Everything from the line that contains "Bicycle fork front wheel close up vector" to the end of the data below is to be reproduced verbatim; leave all else out.

- **PROVIDED RECORDS**
□ □ □ □

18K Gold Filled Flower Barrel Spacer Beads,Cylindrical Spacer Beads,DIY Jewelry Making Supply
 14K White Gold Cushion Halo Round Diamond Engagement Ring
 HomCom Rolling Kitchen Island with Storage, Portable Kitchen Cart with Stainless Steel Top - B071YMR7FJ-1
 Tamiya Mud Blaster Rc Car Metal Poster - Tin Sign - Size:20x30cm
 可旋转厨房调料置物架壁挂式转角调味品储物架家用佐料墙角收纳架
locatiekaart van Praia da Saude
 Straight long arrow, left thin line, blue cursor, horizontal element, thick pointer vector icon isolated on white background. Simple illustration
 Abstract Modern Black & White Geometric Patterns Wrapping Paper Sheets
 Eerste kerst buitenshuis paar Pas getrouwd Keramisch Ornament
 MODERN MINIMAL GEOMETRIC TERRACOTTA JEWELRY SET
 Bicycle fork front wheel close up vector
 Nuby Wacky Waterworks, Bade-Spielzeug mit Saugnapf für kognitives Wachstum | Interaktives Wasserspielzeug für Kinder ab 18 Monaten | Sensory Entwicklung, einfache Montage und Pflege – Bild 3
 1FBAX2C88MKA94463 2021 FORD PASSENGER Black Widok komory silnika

□ □ □ □

- **EXPECTED ANSWER**
 Bicycle fork front wheel close up vector
 Nuby Wacky Waterworks, Bade-Spielzeug mit Saugnapf für kognitives Wachstum | Interaktives Wasserspielzeug für Kinder ab 18 Monaten | Sensory Entwicklung, einfache Montage und Pflege – Bild 3
 1FBAX2C88MKA94463 2021 FORD PASSENGER Black Widok komory silnika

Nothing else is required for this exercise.